_WORK ORDER_.
Each entry must be restated word for word.

_SUPPLIED MATERIAL_.
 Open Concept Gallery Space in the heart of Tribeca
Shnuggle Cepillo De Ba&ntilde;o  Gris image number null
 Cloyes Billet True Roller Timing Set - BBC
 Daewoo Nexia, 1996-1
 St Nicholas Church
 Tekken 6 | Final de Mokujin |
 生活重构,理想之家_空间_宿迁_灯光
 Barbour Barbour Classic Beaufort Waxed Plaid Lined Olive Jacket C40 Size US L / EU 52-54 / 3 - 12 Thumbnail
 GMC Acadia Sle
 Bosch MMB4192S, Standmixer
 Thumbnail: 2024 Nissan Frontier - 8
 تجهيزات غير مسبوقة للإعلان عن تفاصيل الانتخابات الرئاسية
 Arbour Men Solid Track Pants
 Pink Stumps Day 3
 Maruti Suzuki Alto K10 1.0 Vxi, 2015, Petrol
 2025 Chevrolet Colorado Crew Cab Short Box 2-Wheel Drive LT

_RESPONSE_.
 Open Concept Gallery Space in the heart of Tribeca
Shnuggle Cepillo De Ba&ntilde;o  Gris image number null
 Cloyes Billet True Roller Timing Set - BBC
 Daewoo Nexia, 1996-1
 St Nicholas Church
 Tekken 6 | Final de Mokujin |
 生活重构,理想之家_空间_宿迁_灯光
 Barbour Barbour Classic Beaufort Waxed Plaid Lined Olive Jacket C40 Size US L / EU 52-54 / 3 - 12 Thumbnail
 GMC Acadia Sle
 Bosch MMB4192S, Standmixer
 Thumbnail: 2024 Nissan Frontier - 8
 تجهيزات غير مسبوقة للإعلان عن تفاصيل الانتخابات الرئاسية
 Arbour Men Solid Track Pants
 Pink Stumps Day 3
 Maruti Suzuki Alto K10 1.0 Vxi, 2015, Petrol
 2025 Chevrolet Colorado Crew Cab Short Box 2-Wheel Drive LT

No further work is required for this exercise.